Stanford Receives Its Largest-Ever Donation for Climate-Focused School

“Climate and sustainability is going to be the new computer science,” said John Doerr.

Climate
John and Ann Doerr
John and Ann Doerr. Edward Caldwell

Stanford University has received the largest gift in its history, and it’s for a school dedicated to studying the climate crisis

The Stanford Doerr School of Sustainability will open its doors this fall, the university announced on Wednesday. It is Stanford’s first new school in 70 years and was made possible by donations of $1.69 billion, with $1.1 billion alone gifted by John and Ann Doerr.  

“These gifts will help Stanford bring its full effort to bear on solving the most complex problems in climate and sustainability, and on training the next generation of students who are eager and driven to address these challenges,” Stanford President Marc Tessier-Lavigne said in a press release.

The Doerrs’ gift is also the second-largest gift ever to an academic institution and the largest-ever for the formation of a new school, the Chronicle of Higher Education said, as Reuters reported. 

“Climate and sustainability is going to be the new computer science,” John Doerr told The New York Times. “This is what the young people want to work on with their lives, for all the right reasons.”

Doerr has an estimated $11.3 billion, which he earned by investing in major tech companies including Google, Slack and Amazon. His and Ann’s gift has added to a debate about the degree to which climate action should depend on donations from billionaires, according to Reuters. While billionaires like Michael Bloomberg and Jeff Bezos have pledged some of their money towards addressing the climate crisis, some argue that the government shouldn’t wait for donations but should require that wealthy individuals and companies pay more taxes.

While Bezos, for example, has pledged $10 billion towards climate action through his Bezos Earth Fund, Amazon did not pay any federal income tax in 2018 because of Republican tax cuts passed the year before, as CNBC reported. 

Some also argue that political action is more important than private donations when it comes to the climate crisis. 

“I don’t see how giving a billion dollars to a rich university is going to move the needle on this issue in a near-term time frame,” David Callahan, who wrote The Givers: Wealth, Power, and Philanthropy in a New Gilded Age, told The New York Times. “It’s nice that he’s parting with his money, but that billion dollars could be better spent trying to move this up on the scale of public opinion. Until the public sees this as a top tier issue, politicians are not going to act.”

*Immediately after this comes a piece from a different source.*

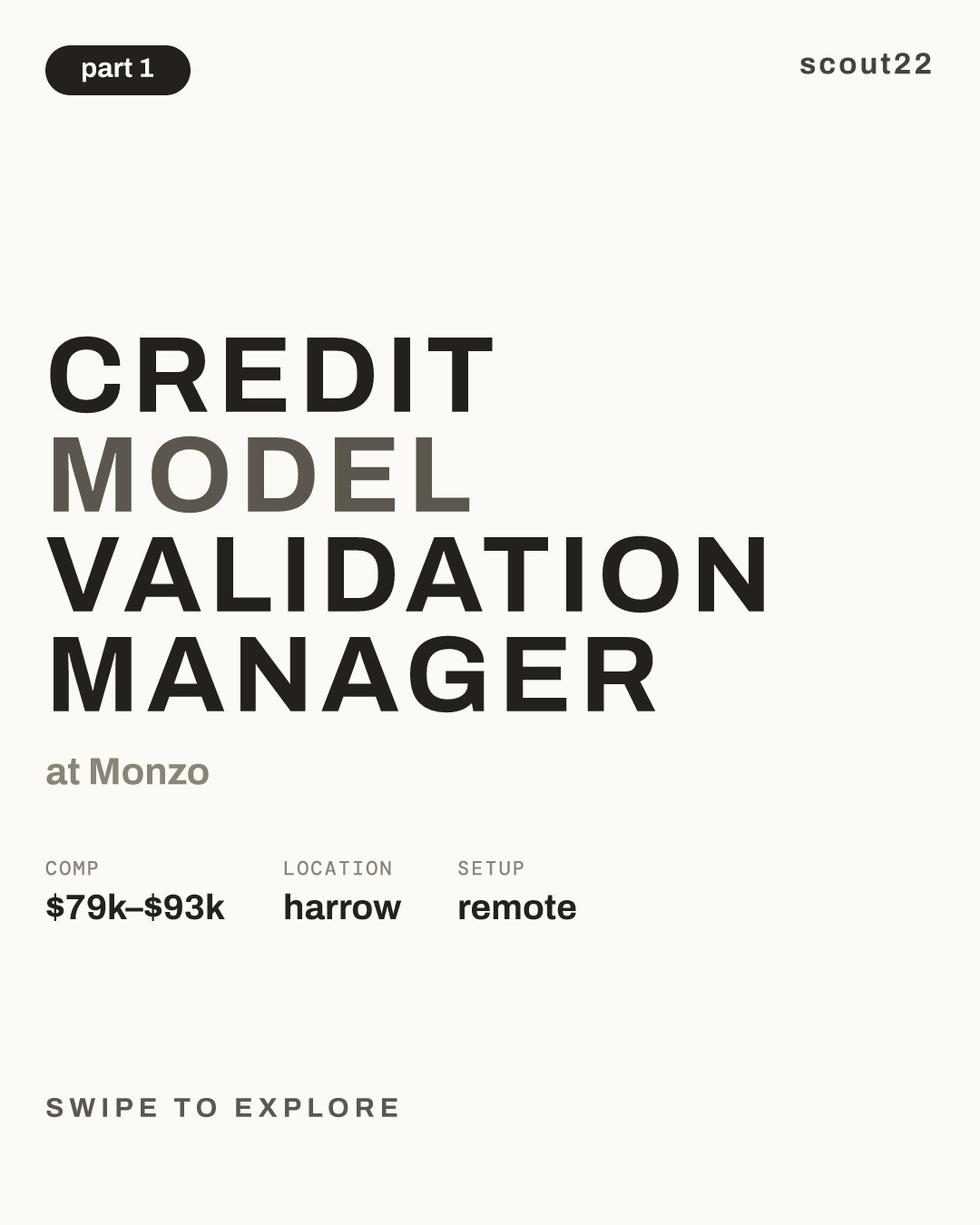 Credit Model Validation Manager at Monzo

Stanford said that the new school would study eight topics related to the climate crisis: climate change itself, Earth science, energy technology, urban sustainability, nature, food and water security, human society and behavior and public and environmental health. It will be comprised of three components:

  1. Academic departments, including those currently housed by the School of Earth, Energy, and Environmental Sciences.  
  2. Interdisciplinary institutes that will facilitate collaboration between different areas of study.
  3. A “Sustainability Accelerator” to develop both technological and policy solutions. 

The school’s first dean will be Arun Majumdar, who is currently the Jay Precourt Professor, professor of mechanical engineering and a senior fellow at the Hoover Institution. He also served in the administration of former President Barack Obama in 2009 as the founding director of an agency that develops energy innovations, according to CNN. 

“The Stanford Doerr School of Sustainability will not only harness the intellectual horsepower of our students, faculty, and staff across our campus, but also partner with external organizations around the world to co-develop innovative solutions and identify new insights through research and education,” Majumdar said in the Stanford release. “As is often said, we do not inherit the Earth from our ancestors, we borrow it from our children. We must create a future in which humans and nature thrive together.”